The 37mm spade mortar is a Soviet 37 mm light infantry mortar used in the Second World War.  The mortar was produced from 1939 until the end of 1941.

Description 
The weapon is a dual-purpose device in that it can also be used as a spade. When a leg is removed from the handle, the spade part of the weapon locks into position as a base plate for the mortar. The weapon was apparently intended to serve as a fire support weapon for every infantryman as it was designed to be operated by one man. There was no aiming device and the soldier simply pointed the mortar at its target. The soldier carried 15 rounds of ammunition on a fabric belt for the mortar.

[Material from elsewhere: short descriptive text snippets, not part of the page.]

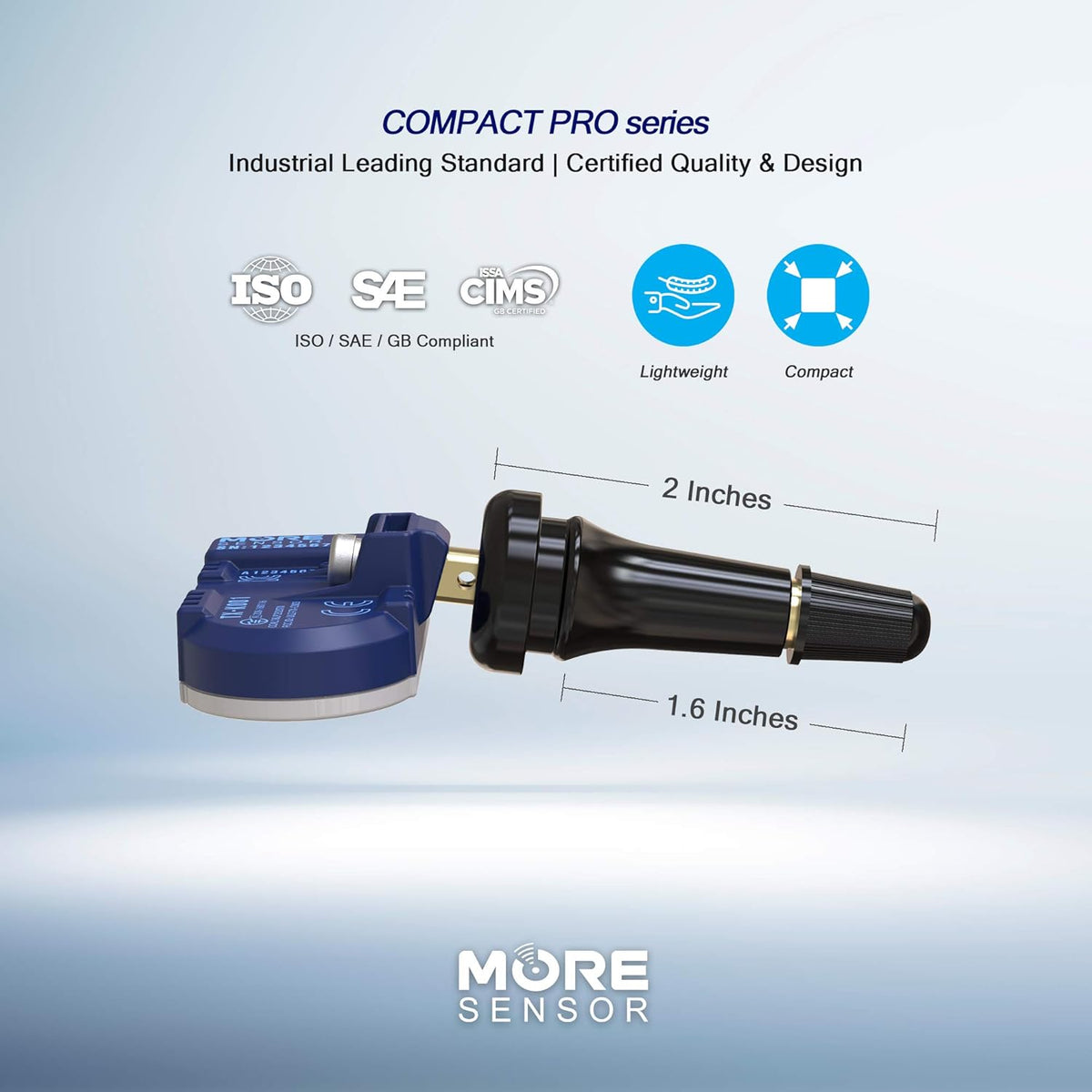 TPMS Tire Pressure Sensor 4-Pack with Rubber Valve Stem K328244
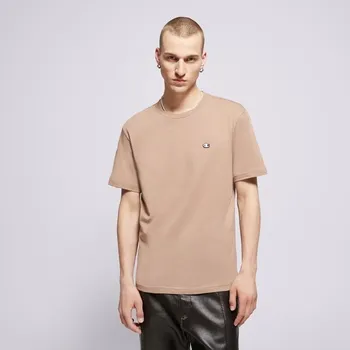 Champion Tričko Crewneck Tee Béžová S 220453MS112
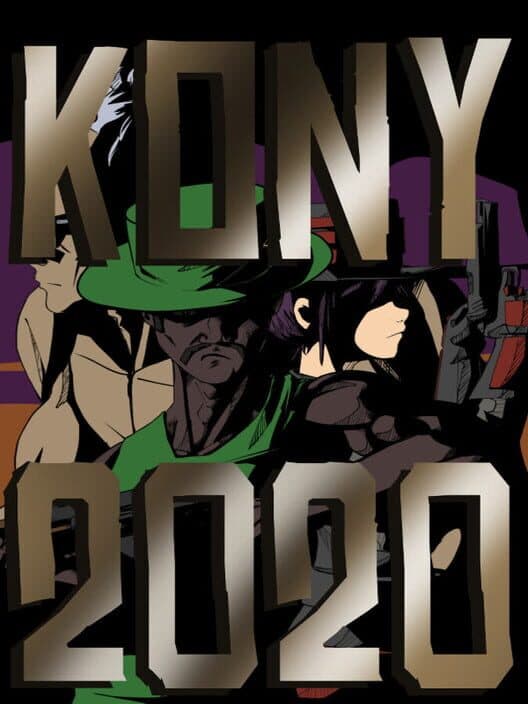 Kony 2020 cover art
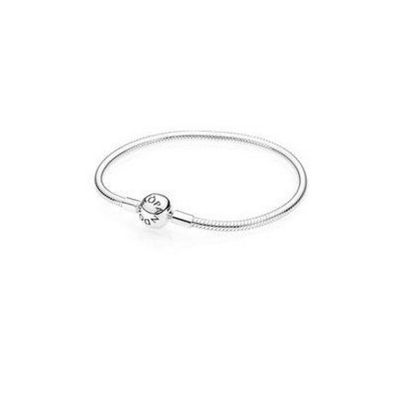Armband 21 cm - Sterlingsilber - Kugelverschluss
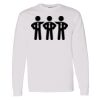 Heavy Cotton™ Long Sleeve T-Shirt - Full Color Printing Thumbnail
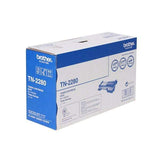 Brother TN-2280 Black Toner Cartridge 2,600 Pages Original Single-pack
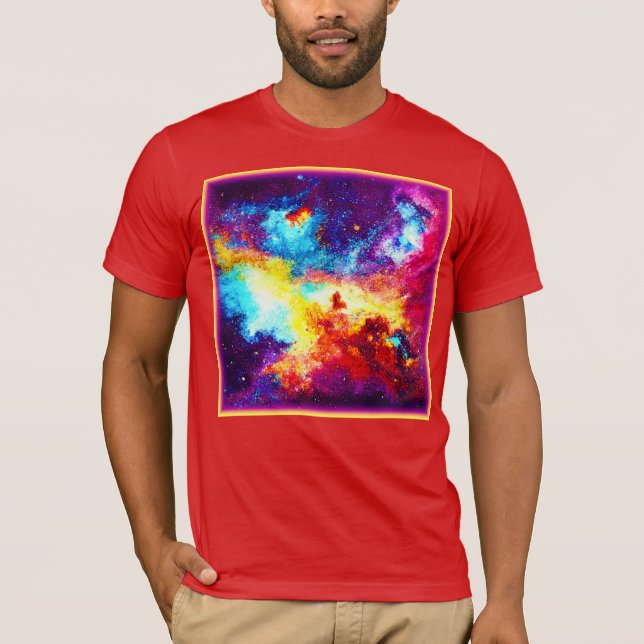 Exploring the Brightest Nebulae. Buy Now T-Shirt (Front)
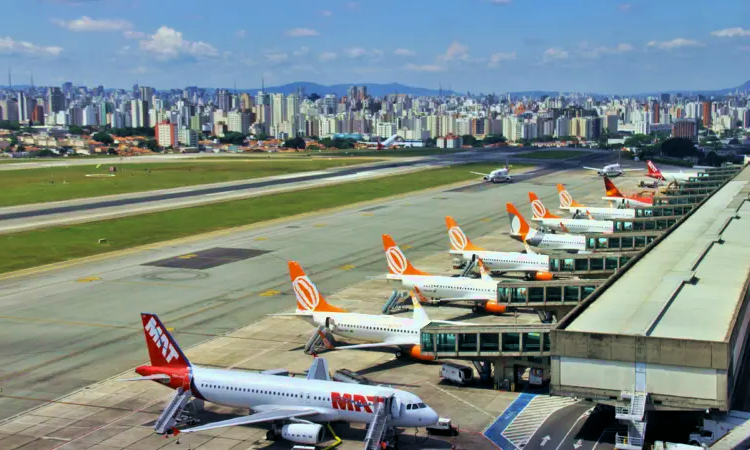 São Paulo/Guarulhos–Vali André Franco Montoro Uluslararası Havaalanı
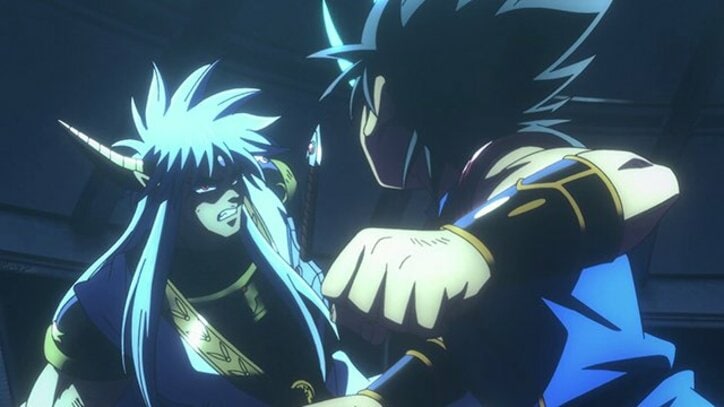 アニメ「ダイの大冒険」竜魔人と化したダイvsバーンの戦い！第99話先行カット＆あらすじ公開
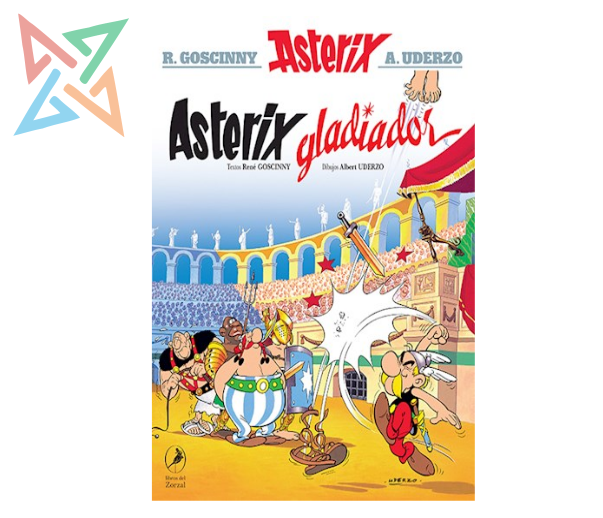 ASTERIX 04: ASTERIX GLADIADOR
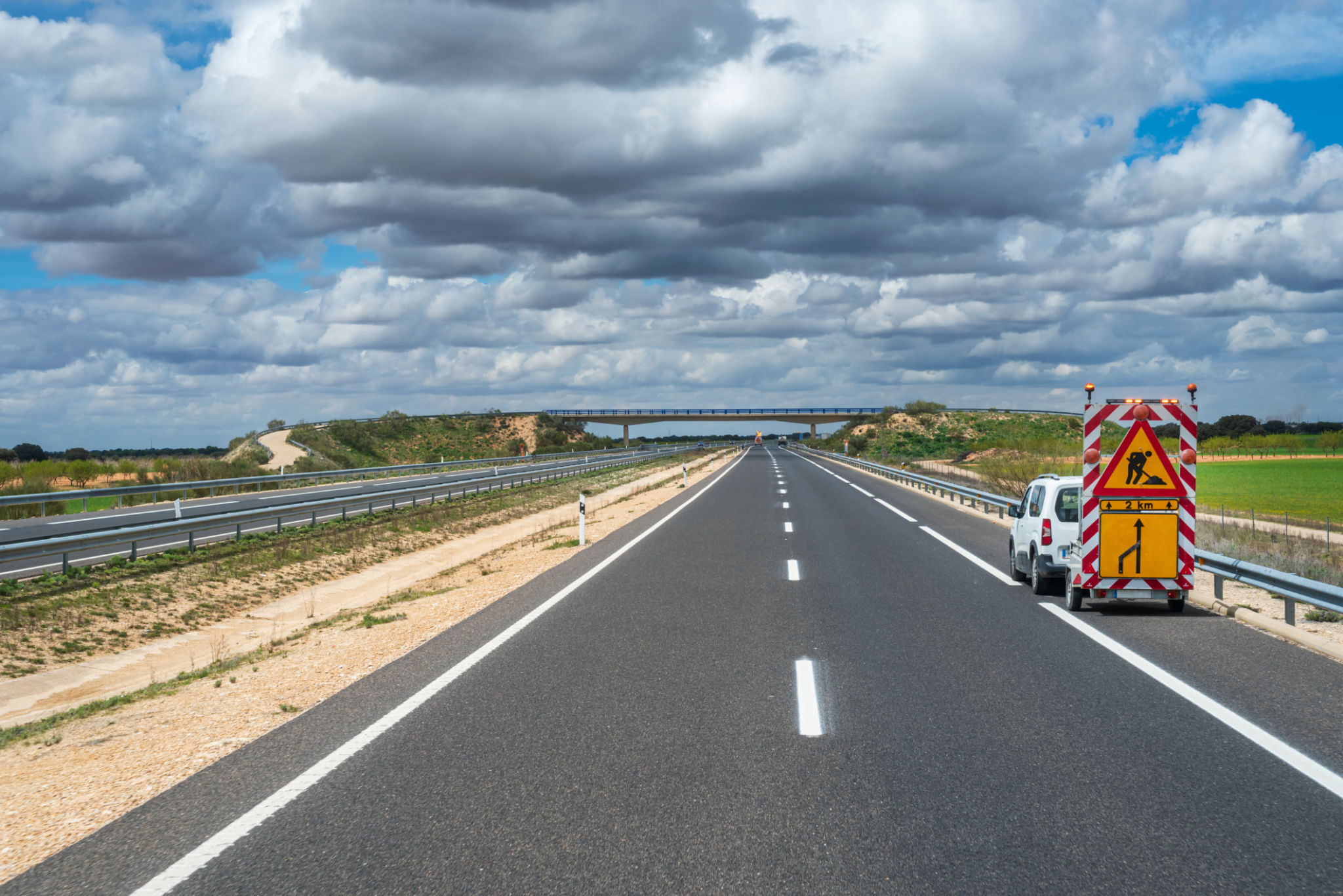 mecánico carretera
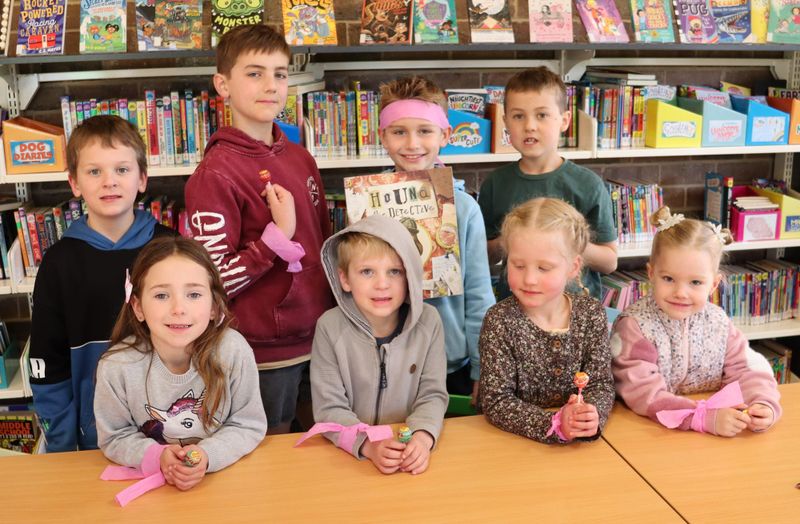 Young detectives hone skills at Waikerie Library post image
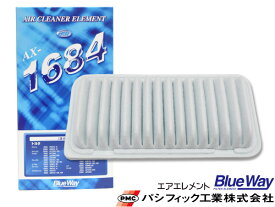 86 ハチロク ZN6 エアエレメント エアー フィルター クリーナー パシフィック工業 BlueWay AX-1684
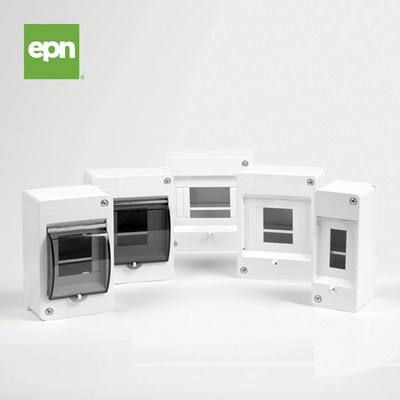 Корпус поверхневого монтажу EP-nt 1/2 IP 20 - білий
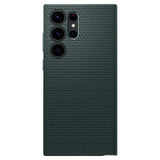 Samsung Galaxy S23 Ultra Spigen Liquid Air - Fleksibelt Plast Deksel - Grønn
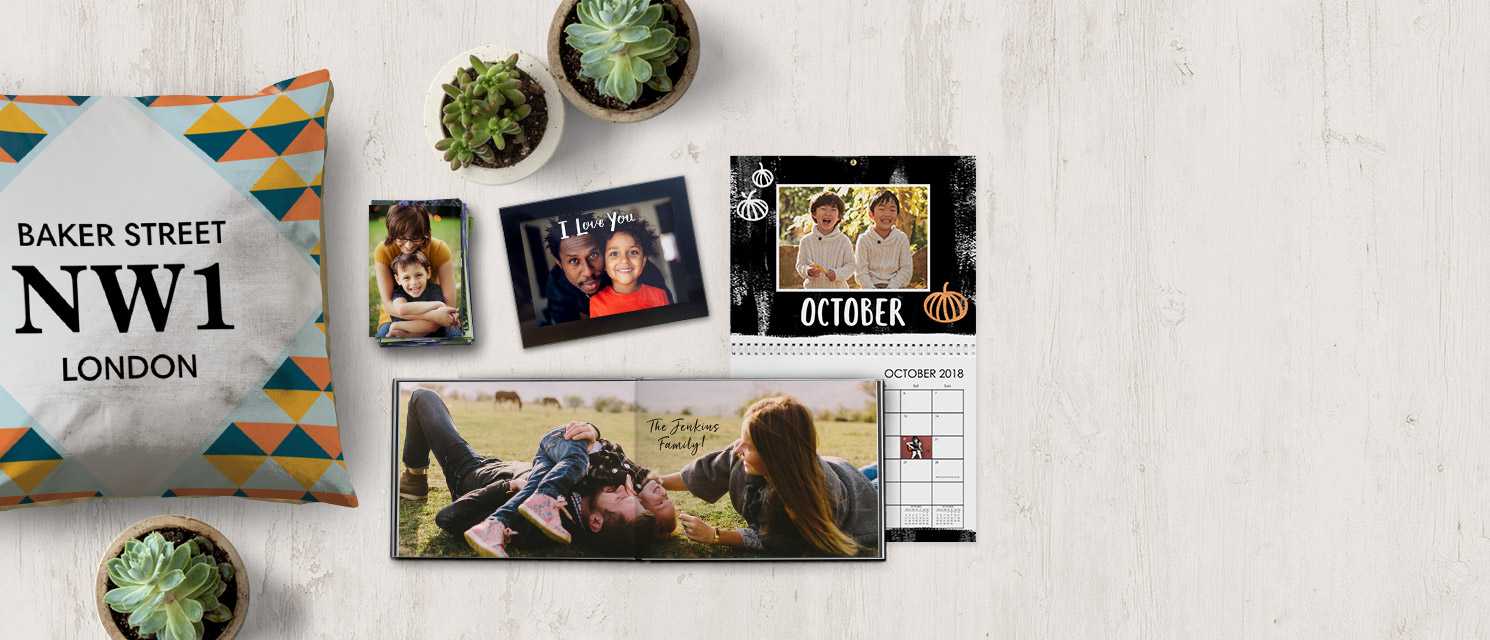 Boots Photo Personalised Gifts, Canvases and Photo Printing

The German Army designated the weapon the 3.7 cm Spatengranatwerfer 161(r), although the true Soviet designation was simply "37mm mortar" (). It is likely that the weapon was an attempt to boost the firepower of Soviet rifle units. Although a rifle grenade-launcher (which the Red Army also had) can fire shells of similar weight, they are slower to load and cannot serve as rifles while firing grenades. The spade mortar was used during the Winter War with Finland, where the weapon was found ineffective in the heavy snow. Initially used on the Eastern Front in World War II, the spade mortar fell into disuse after 1942.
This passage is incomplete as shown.